*** Opening of The data ***
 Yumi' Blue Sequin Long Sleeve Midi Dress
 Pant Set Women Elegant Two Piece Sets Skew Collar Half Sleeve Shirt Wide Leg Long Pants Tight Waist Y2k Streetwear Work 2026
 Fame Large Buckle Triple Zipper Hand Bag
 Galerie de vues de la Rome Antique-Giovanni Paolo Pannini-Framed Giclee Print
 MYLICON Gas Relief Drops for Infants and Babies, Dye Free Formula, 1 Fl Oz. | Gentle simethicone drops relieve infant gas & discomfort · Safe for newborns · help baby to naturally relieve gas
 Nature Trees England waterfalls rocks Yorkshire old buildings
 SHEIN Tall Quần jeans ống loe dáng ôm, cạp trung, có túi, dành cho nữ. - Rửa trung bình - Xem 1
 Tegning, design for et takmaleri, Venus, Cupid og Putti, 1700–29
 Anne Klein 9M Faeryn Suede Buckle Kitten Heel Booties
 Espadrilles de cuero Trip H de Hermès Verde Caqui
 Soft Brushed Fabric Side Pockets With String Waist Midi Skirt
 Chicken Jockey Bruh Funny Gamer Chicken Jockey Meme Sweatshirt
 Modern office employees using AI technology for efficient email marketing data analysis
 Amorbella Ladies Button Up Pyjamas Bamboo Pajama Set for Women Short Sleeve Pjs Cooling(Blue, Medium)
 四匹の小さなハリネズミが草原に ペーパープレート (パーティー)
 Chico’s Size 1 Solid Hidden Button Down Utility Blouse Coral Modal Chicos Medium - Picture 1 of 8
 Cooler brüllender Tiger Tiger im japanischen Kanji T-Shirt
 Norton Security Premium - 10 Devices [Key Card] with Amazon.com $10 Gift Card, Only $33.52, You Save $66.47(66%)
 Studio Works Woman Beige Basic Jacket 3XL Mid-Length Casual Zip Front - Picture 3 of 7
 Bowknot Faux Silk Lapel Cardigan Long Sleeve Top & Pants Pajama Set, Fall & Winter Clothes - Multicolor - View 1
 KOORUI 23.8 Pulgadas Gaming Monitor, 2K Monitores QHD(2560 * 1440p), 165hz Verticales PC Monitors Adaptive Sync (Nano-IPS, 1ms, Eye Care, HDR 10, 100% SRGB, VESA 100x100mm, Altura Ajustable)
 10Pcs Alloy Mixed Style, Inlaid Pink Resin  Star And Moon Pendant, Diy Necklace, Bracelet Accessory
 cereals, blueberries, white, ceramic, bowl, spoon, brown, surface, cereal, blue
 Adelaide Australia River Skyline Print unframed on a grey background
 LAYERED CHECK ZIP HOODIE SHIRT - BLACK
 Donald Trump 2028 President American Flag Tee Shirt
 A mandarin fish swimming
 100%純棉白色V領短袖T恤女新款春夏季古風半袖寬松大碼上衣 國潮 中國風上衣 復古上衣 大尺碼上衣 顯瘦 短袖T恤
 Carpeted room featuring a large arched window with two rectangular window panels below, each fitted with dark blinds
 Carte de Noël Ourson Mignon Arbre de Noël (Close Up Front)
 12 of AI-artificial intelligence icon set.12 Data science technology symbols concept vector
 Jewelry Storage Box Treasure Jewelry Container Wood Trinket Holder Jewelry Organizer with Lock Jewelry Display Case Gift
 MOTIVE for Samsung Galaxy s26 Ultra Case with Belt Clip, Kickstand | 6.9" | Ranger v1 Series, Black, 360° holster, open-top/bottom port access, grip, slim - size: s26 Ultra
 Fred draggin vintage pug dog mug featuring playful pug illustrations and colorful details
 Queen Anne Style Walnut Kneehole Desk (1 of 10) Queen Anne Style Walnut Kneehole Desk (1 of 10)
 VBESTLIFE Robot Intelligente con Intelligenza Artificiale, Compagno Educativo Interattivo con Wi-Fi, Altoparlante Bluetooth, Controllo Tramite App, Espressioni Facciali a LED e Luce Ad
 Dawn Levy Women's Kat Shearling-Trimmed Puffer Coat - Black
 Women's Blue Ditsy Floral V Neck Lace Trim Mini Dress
*** Close of The data ***
• Task details: Could you repeat exactly the lines in the listing above from the one with "Anne Klein 9M" down to the one with "Cooler brüllender Tiger"? Include both of those lines.

• Solution below:
 Anne Klein 9M Faeryn Suede Buckle Kitten Heel Booties
 Espadrilles de cuero Trip H de Hermès Verde Caqui
 Soft Brushed Fabric Side Pockets With String Waist Midi Skirt
 Chicken Jockey Bruh Funny Gamer Chicken Jockey Meme Sweatshirt
 Modern office employees using AI technology for efficient email marketing data analysis
 Amorbella Ladies Button Up Pyjamas Bamboo Pajama Set for Women Short Sleeve Pjs Cooling(Blue, Medium)
 四匹の小さなハリネズミが草原に ペーパープレート (パーティー)
 Chico’s Size 1 Solid Hidden Button Down Utility Blouse Coral Modal Chicos Medium - Picture 1 of 8
 Cooler brüllender Tiger Tiger im japanischen Kanji T-Shirt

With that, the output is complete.